2) The wall is oriented to expand in the vertical direction
- This is the only way that makes sense, as any other orientation will result in a lowering of the volume of water-level,
thus a loss in potential energy of the volume of water on the back end of the cycle.
Assuming the counter-pressure by the weight was not too heavy for this process, the weight will lift.
So, let's take a look at that process::
If we value the weight at let's say... 1 KG, and it is leveraged by the motion of the wall to lift a distance of 1 Meter.
E = mgh ; 1Kg * 1 m * 9.8 m/s = 9.8 Joules ; ok, great we have now gained a potential of 9.8 Joules, by expanding the water.
The conclusion made here, is that when you raise the Temperature of the water, increasing its density once again,
and thus lowering the volume, you can "extract" energy by then lifting a second weight.
Logically, this makes sense.
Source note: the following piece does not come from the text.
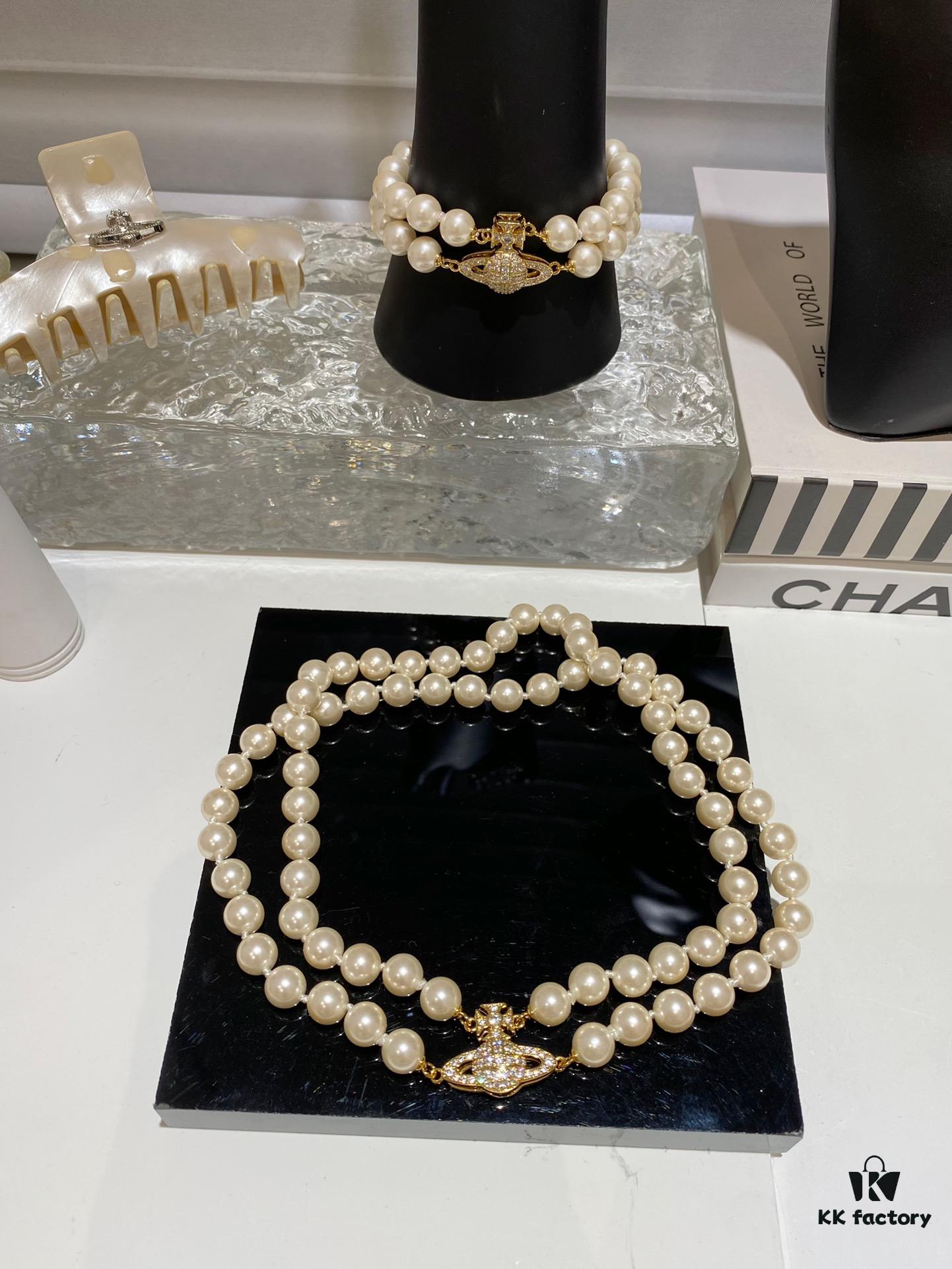 693011a812f62673a6fac5a5 Saturn | Vivienne Westwood Jewelry Double-Layer Pearl Necklace and Bracelet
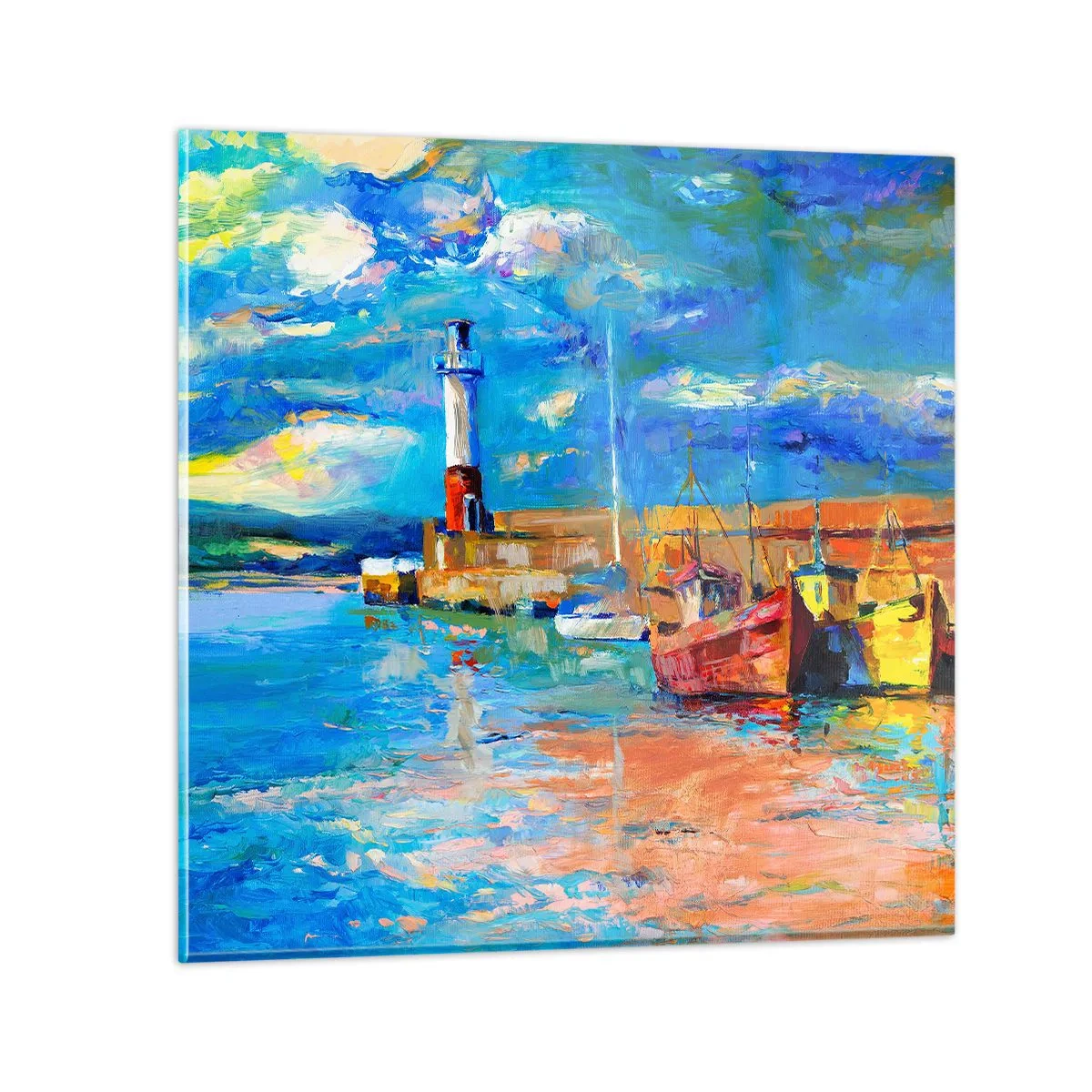 Quadro em vidro - Tarde na baía do arco-íris - 30x30 cm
But only because you are missing one important factor::
The pressure
There is an important relationship between Temperature, Pressure, and Volume.
When you "extract" the energy gained by lifting the weight, you are also changing the pressure exerted on the volume.
And Thus you will lose exactly the same amount of energy, in form of Temperature.
[ modified for clarity: The weight being lifted exerts pressure on the volume of water/ice inside the container, if you transfer this to the second weight, the pressure is relieved, thus lowering the Temperature of the volume.]
What this means is,. for every Joule of energy you "gain" in the form of Potential Energy of the second weight,
You will have to put back into the water to heat it back up to 4-degrees.
Hope this helps.
Sm0ky2
More practical would be phase transition e.g. liquid - gas as we see it in nature...
Quote from: vasik041 on March 05, 2015, 03:13:01 PM
More practical would be phase transition e.g. liquid - gas as we see it in nature...
But, to do that do you not need energy imported from somewhere? In nature we see this as water evaporates but, there is that thing called the sun that inputs a lot of energy so this can happen.
Bill
Heat is still "free" energy and it available everywhere...
Quote from: vasik041 on March 05, 2015, 03:27:39 PM
Heat is still "free" energy it available everywhere...
OK, I do not disagree with that.
Thanks,
Bill
Quote from: vasik041 on March 05, 2015, 03:27:39 PM
Heat is still "free" energy and it available everywhere...
That is what makes this, at least somewhat feasible.
The temperatures we're talking about are considerably well below ambient in most areas.
it may be possible to use this type of device, as a non-conventional "heat-pump",
to extract energy and store it in the form of gravitational potential.
But, it is certainly not a violation of Thermodynamics.
Thanks